Том 06: "Луна Израиля", "Клеопатра", "Жемчужина Востока"
Шрифт:
– Да, ты погиб. И все же тебе будет дано утешение: ты погубишь ту, что погубила тебя, ибо такова цель моей справедливости. Когда тебе будет дан знак, брось все, поднимись, иди к Клеопатре и, повинуясь указаниям, которые я вложу в твое сердце, сверши божественную месть. А теперь слово о тебе, Гармахис: ты отвернулся от меня, и ты больше не увидишь меня, как тогда в Аменти, пока в веках последний росток посеянного тобой зла не исчезнет с лица земли. Но сквозь всю эту нескончаемую череду тысячелетий помни: Божественная Любовь вечна, ее нельзя уничтожить, даже если отрицать ее, хотя порой она улетает в недосягаемые дали. Раскайся, мой сын, раскайся и исправь, искупи совершенное тобой зло, пока еще не поздно, чтобы в скрытом мраком конце всех времен вновь воссоединиться со мной. И все же, Гармахис, хоть ты никогда не будешь видеть меня, даже когда само имя, под которым ты знаешь меня, станет загадкой для тех, кто будет жить после тебя, – все равно я, живущая вечно,
Когда стих последний звук нежного голоса, огненный змей скользнул в самое сердце облачка. Облачко скатилось из светящегося рога и исчезло в темноте. Золотой полумесяц начал меркнуть и погас. Когда богиня покинула этот мир, снова раздалась тихая, вселяющая ужас музыка систра, и снова стало тихо.

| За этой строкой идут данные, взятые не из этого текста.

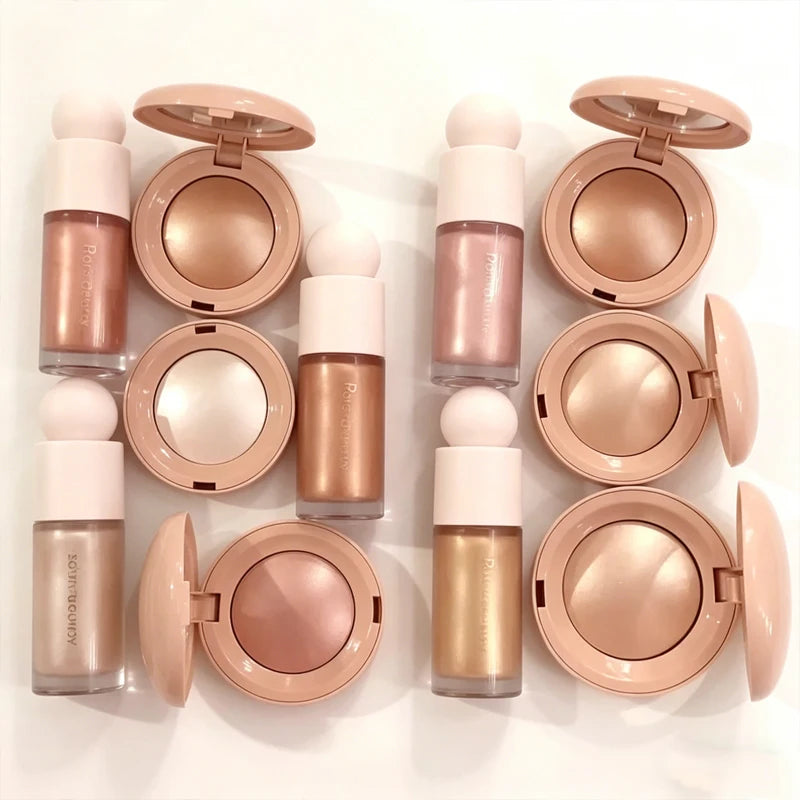 Fashion Rare Beauty Rose Neutral Mauve Blush Powder Portable Makeup Liquid Blush Moisturizing Dual-use Waterproof Glaze Smooth Vue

Я закрыл лицо одеждой и вдруг, хотя мои вытянутые руки все еще касались похолодевшего тела отца, который умер, проклиная меня, я почувствовал, что в моем сердце вновь затеплилась надежда, ибо я понял, что еще не совсем погиб, и что та, которую я предал, но продолжал любить, не оставила меня. И тут мною овладела необоримая усталость, и я заснул.
Когда я проснулся, сквозь отверстие в крыше струился тусклый свет зари. Зловеще падал он на погруженные в тень скульптуры у стен, на мертвое лицо и седую бороду моего отца, соединившегося с Осирисом. Я вздрогнул, вспомнив все, что произошло, и задумался, что же мне теперь делать. Поднявшись на ноги, я услышал тихие шаги – кто-то шел по коридору имен фараонов.
– Ла-ла-ла! – пробормотал голос, который я тотчас узнал. Это была старая женщина Атуа. – Темно, как в склепе! Видно, святые, которые построили этот храм, не очень-то любили благословенное солнце, хоть и поклонялись ему. Да где же этот занавес?
Наконец занавес был отодвинут, и в покой отца вошла Атуа с клюкой в одной руке и с корзиной в другой. На лице ее появилось еще больше морщин, а жидкие волосы казались еще более седыми, чем прежде, но в остальном она была точно такой, какой я ее помнил. Она остановилась у двери и стала всматриваться в темноту своими проницательными черными глазами, ибо в комнате было еще темно и она по-прежнему ничего не видела.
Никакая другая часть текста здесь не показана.